Touchée depuis plusieurs jours par une série de mouvements sociaux, la Guyane, collectivité territoriale de plus de 250 000 habitants, voit la mobilisation prendre de l’ampleur, avec le vote, samedi 25 mars, par l’Union des travailleurs guyanais (UTG) de la grève générale à compter de lundi. La mobilisation, soutenue par des collectifs de citoyens, dénonce globalement les problèmes du territoire en matière de santé, d’éducation, d’économie, de sécurité, d’accès au foncier ou de logement.
Grève générale pour « protéger les salariés grévistes »

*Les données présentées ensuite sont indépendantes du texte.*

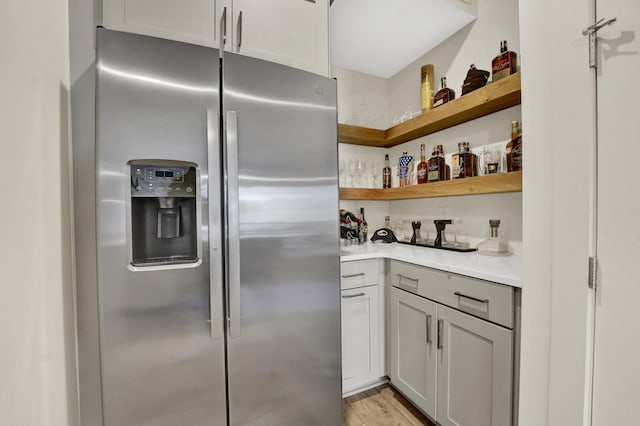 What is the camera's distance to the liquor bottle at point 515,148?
135 cm

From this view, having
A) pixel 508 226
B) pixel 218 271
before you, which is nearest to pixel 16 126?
pixel 218 271

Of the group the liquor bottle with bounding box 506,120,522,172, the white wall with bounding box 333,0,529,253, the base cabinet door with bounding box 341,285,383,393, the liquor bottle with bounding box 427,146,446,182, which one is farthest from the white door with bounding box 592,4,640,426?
the liquor bottle with bounding box 427,146,446,182

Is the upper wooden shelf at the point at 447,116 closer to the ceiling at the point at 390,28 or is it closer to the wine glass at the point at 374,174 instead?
the wine glass at the point at 374,174

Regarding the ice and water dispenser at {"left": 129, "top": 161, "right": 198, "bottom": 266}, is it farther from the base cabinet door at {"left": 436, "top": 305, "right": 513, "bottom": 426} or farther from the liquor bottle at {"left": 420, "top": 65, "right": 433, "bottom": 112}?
the liquor bottle at {"left": 420, "top": 65, "right": 433, "bottom": 112}

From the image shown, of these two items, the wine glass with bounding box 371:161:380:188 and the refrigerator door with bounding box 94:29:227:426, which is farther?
the wine glass with bounding box 371:161:380:188

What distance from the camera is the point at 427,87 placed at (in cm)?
186

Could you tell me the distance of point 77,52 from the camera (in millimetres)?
885

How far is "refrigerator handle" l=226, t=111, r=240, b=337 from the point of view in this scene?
2.99 ft

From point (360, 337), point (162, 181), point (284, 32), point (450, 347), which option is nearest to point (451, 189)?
point (450, 347)

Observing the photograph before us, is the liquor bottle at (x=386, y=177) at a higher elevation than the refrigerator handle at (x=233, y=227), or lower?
higher

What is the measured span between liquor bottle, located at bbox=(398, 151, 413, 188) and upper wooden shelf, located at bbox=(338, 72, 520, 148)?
6.6 inches

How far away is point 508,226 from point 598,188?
0.97 m

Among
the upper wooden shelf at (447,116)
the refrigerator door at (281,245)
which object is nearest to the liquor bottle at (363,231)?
the upper wooden shelf at (447,116)

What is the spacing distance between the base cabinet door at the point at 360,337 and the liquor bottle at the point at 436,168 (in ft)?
2.92
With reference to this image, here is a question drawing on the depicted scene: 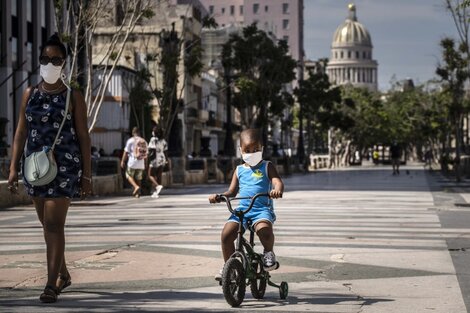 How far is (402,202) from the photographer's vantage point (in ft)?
85.0

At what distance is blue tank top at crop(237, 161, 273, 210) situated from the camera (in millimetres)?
8930

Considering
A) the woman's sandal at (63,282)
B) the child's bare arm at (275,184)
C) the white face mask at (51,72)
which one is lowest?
the woman's sandal at (63,282)

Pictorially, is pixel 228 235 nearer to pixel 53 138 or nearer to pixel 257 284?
pixel 257 284

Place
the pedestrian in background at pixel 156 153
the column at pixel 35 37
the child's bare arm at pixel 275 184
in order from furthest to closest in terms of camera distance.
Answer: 1. the column at pixel 35 37
2. the pedestrian in background at pixel 156 153
3. the child's bare arm at pixel 275 184

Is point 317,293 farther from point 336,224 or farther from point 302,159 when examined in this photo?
Answer: point 302,159

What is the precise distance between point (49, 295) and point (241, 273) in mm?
1361

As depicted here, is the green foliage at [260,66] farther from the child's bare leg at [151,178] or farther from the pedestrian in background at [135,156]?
the pedestrian in background at [135,156]

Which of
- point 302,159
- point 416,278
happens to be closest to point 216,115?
point 302,159

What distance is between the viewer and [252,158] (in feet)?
29.4

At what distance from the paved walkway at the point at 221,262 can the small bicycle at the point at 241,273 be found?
4.1 inches

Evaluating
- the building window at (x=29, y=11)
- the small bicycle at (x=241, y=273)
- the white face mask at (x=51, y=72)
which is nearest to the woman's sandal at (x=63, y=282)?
the small bicycle at (x=241, y=273)

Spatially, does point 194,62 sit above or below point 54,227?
above

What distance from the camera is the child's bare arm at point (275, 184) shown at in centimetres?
860

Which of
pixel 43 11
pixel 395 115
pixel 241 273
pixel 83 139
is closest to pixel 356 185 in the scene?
pixel 43 11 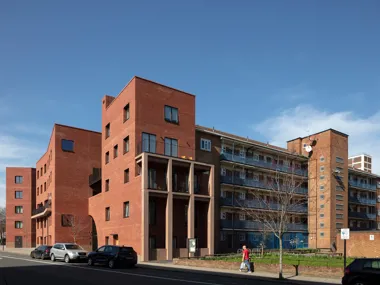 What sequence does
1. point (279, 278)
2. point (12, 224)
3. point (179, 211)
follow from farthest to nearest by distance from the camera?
1. point (12, 224)
2. point (179, 211)
3. point (279, 278)

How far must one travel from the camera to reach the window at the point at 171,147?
38.8 metres

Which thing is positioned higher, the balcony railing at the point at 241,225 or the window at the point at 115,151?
the window at the point at 115,151

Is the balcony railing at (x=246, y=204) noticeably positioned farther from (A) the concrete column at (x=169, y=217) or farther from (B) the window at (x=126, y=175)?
(B) the window at (x=126, y=175)

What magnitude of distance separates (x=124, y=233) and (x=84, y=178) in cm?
1810

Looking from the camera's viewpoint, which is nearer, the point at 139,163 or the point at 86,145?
the point at 139,163

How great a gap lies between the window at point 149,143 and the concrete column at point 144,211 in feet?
9.36

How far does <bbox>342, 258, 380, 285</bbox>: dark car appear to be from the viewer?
569 inches

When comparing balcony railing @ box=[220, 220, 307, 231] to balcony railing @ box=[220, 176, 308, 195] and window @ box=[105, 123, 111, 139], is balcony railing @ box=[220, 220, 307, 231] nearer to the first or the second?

En votant à l’unanimité la grève générale à compter de lundi, les 37 syndicats réunis au sein de l’UTG souhaitent protéger les salariés grévistes dans des secteurs très divers, a précisé Albert Darnal, le secrétaire général de l’organisation.

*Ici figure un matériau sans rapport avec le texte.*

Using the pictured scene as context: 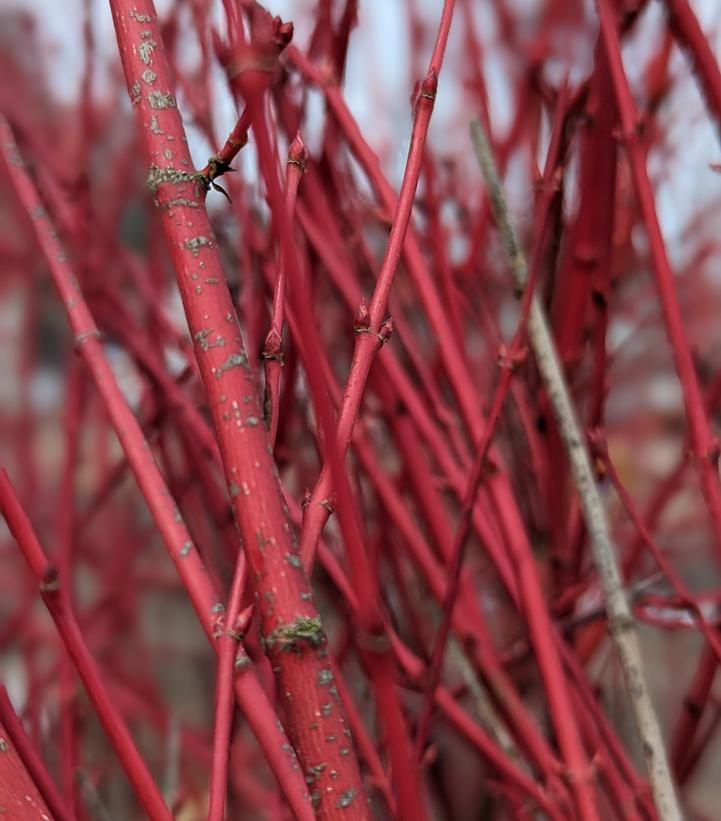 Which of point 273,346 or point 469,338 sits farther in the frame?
point 469,338

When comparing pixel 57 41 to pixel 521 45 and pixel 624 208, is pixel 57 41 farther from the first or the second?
pixel 624 208

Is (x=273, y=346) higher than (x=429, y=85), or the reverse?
(x=429, y=85)

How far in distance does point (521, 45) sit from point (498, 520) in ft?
3.21

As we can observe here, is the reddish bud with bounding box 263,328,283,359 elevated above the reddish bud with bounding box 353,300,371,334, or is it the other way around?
the reddish bud with bounding box 263,328,283,359

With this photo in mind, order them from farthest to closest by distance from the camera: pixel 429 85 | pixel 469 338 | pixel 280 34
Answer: pixel 469 338 → pixel 429 85 → pixel 280 34

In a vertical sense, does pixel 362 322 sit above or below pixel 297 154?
below

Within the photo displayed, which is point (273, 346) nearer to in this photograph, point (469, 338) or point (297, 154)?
point (297, 154)

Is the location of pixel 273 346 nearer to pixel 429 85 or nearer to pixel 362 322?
pixel 362 322

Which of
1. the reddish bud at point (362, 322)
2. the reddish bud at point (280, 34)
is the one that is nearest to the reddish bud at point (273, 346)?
the reddish bud at point (362, 322)

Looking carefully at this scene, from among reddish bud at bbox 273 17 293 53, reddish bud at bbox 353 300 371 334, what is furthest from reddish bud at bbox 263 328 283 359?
reddish bud at bbox 273 17 293 53

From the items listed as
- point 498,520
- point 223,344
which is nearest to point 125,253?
point 498,520

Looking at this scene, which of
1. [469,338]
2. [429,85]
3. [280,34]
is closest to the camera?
[280,34]

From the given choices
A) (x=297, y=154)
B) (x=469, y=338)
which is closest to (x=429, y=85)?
(x=297, y=154)

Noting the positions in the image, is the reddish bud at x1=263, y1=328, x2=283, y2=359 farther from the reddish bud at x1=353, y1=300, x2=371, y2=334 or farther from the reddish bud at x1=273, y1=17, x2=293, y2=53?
the reddish bud at x1=273, y1=17, x2=293, y2=53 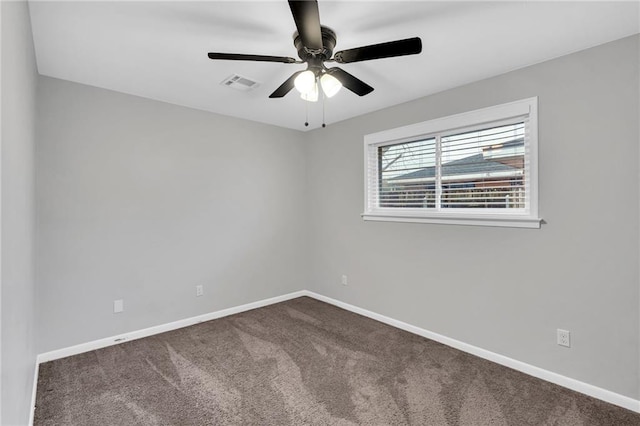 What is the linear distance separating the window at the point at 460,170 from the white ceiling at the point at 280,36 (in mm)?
403

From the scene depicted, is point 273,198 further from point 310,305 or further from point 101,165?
point 101,165

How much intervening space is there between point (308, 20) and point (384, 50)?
0.46 meters

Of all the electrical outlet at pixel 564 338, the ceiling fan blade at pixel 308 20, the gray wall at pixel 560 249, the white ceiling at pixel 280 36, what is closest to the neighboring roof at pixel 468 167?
the gray wall at pixel 560 249

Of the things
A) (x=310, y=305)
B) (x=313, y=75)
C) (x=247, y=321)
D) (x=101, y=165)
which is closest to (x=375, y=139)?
(x=313, y=75)

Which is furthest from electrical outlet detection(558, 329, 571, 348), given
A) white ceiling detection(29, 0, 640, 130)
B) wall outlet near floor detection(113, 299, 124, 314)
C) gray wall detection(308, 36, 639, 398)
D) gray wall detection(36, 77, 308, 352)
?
wall outlet near floor detection(113, 299, 124, 314)

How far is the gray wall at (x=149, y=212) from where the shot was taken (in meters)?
2.65

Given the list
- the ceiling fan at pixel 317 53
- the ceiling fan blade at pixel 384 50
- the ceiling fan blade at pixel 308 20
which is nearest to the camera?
the ceiling fan blade at pixel 308 20

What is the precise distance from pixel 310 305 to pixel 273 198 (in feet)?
4.91

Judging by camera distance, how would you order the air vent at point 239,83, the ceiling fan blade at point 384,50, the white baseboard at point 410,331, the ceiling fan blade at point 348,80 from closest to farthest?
1. the ceiling fan blade at point 384,50
2. the ceiling fan blade at point 348,80
3. the white baseboard at point 410,331
4. the air vent at point 239,83

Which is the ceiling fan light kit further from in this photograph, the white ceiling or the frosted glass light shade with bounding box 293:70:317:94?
the white ceiling

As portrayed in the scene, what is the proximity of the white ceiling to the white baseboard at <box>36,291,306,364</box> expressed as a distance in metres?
2.33

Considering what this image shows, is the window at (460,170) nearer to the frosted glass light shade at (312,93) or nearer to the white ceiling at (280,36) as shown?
the white ceiling at (280,36)

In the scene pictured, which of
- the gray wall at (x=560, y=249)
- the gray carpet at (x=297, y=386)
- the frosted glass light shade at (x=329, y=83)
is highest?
the frosted glass light shade at (x=329, y=83)

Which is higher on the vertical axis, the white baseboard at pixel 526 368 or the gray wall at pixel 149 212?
the gray wall at pixel 149 212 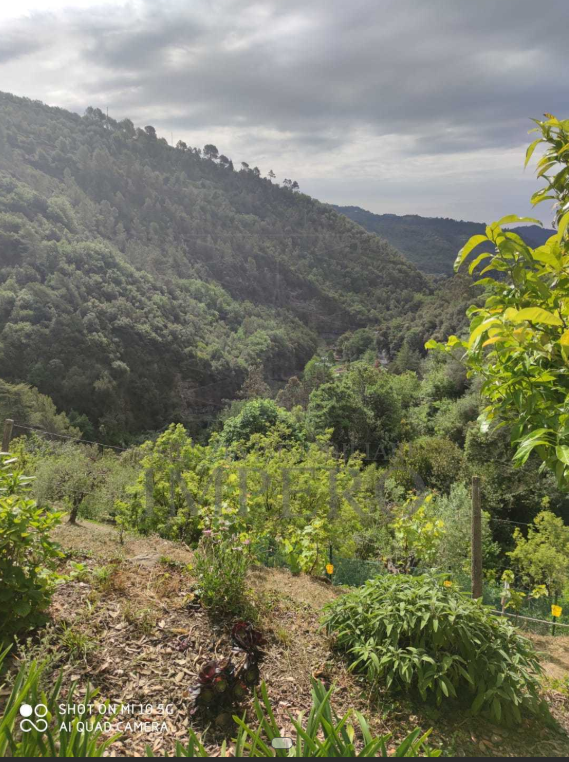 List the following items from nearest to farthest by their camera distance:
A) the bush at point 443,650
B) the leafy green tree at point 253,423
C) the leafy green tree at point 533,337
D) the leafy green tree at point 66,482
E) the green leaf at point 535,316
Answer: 1. the green leaf at point 535,316
2. the leafy green tree at point 533,337
3. the bush at point 443,650
4. the leafy green tree at point 66,482
5. the leafy green tree at point 253,423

Regroupant pêle-mêle des salariés d’EDF, des collectifs contre l’insécurité, un collectif dénonçant l’insuffisance de l’offre de soins et les retards structurels en matière de santé, ou encore des socioprofessionnels et des transporteurs, le mouvement de protestation a notamment monté des barrages obstruant depuis jeudi une dizaine de ronds-points stratégiques du littoral guyanais, bloquant notamment l’entrée de Cayenne.
Barrages filtrants et vols annulés
Ces barrages routiers filtrants, soutenus par la classe politique locale, rendent les déplacements motorisés très difficiles, à l’exception de ceux des véhicules d’urgence. Par ailleurs, les écoles, l’université, le port de commerce, les administrations et certains commerces sont fermés depuis jeudi.

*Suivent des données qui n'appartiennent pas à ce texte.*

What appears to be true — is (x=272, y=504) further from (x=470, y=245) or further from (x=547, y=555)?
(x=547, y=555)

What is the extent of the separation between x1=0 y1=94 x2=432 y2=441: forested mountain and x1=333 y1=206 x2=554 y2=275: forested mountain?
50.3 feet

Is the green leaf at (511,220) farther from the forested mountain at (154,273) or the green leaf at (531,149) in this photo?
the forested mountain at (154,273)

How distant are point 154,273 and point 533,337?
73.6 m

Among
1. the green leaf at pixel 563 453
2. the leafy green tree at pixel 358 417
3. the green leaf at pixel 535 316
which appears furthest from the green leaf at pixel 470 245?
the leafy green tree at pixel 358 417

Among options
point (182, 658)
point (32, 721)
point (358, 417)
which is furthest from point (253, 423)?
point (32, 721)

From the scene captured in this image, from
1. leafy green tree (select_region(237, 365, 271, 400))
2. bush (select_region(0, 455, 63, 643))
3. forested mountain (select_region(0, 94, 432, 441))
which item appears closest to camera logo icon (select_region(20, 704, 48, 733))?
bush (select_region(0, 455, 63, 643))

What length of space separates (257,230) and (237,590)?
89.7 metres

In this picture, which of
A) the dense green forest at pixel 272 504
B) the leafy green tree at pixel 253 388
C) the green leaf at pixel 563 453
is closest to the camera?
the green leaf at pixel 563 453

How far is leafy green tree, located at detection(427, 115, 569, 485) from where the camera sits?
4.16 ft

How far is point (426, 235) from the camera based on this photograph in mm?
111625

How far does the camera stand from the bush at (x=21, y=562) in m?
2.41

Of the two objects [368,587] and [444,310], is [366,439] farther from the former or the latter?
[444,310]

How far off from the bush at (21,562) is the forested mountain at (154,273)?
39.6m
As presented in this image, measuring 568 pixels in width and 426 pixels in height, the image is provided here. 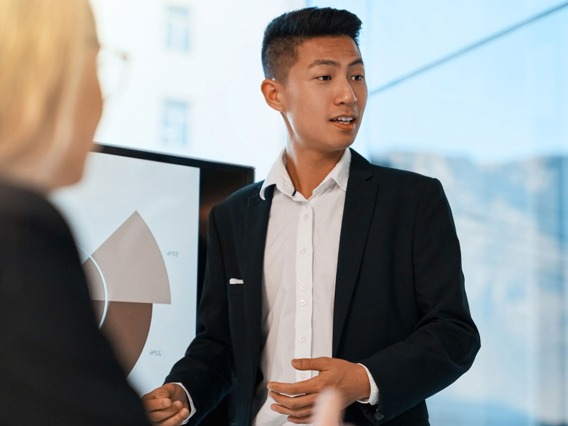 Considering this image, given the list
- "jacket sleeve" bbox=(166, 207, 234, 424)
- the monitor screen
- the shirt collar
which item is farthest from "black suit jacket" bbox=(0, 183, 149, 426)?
Answer: the monitor screen

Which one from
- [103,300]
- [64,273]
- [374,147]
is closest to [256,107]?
[374,147]

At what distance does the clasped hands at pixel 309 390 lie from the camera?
5.65 feet

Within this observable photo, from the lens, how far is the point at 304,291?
82.1 inches

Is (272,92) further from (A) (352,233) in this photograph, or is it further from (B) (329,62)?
(A) (352,233)

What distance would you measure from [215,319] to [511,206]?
5.16ft

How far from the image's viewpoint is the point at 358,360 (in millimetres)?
1992

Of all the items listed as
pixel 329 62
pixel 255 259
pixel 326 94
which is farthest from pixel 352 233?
pixel 329 62

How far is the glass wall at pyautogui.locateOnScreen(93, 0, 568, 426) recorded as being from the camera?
10.4ft

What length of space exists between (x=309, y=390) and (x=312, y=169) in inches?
31.5

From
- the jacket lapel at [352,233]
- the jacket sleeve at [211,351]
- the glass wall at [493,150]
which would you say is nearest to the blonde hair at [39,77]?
the jacket lapel at [352,233]

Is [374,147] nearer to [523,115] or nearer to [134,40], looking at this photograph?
[523,115]

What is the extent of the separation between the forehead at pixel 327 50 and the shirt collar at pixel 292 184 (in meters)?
0.26

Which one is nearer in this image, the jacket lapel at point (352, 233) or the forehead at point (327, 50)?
the jacket lapel at point (352, 233)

Air France a pour sa part fait savoir qu’elle annulait ses deux vols long-courriers de Paris-Orly à Cayenne dimanche et lundi. « Nous ne pouvons pas assurer ces vols pour des raisons opérationnelles », a expliqué le porte-parole de la compagnie aérienne, évoquant notamment des problèmes sur place d’approvisionnement des appareils en carburant et des difficultés de circulation au sol.
Quant à Arianespace, elle a dû ajourner le lancement d’une fusée.
Une délégation interministérielle sur place
Conduite par Jean-François Cordet, conseiller maître à la Cour des comptes et ancien préfet de Guyane, la délégation interministérielle est arrivée samedi après-midi. Elle est composée de plusieurs hauts fonctionnaires connaissant bien la situation guyanaise, issus de différents ministères. Elle comprend aussi Michel Yahiel, commissaire général de France Stratégie et ex-conseiller social de François Hollande.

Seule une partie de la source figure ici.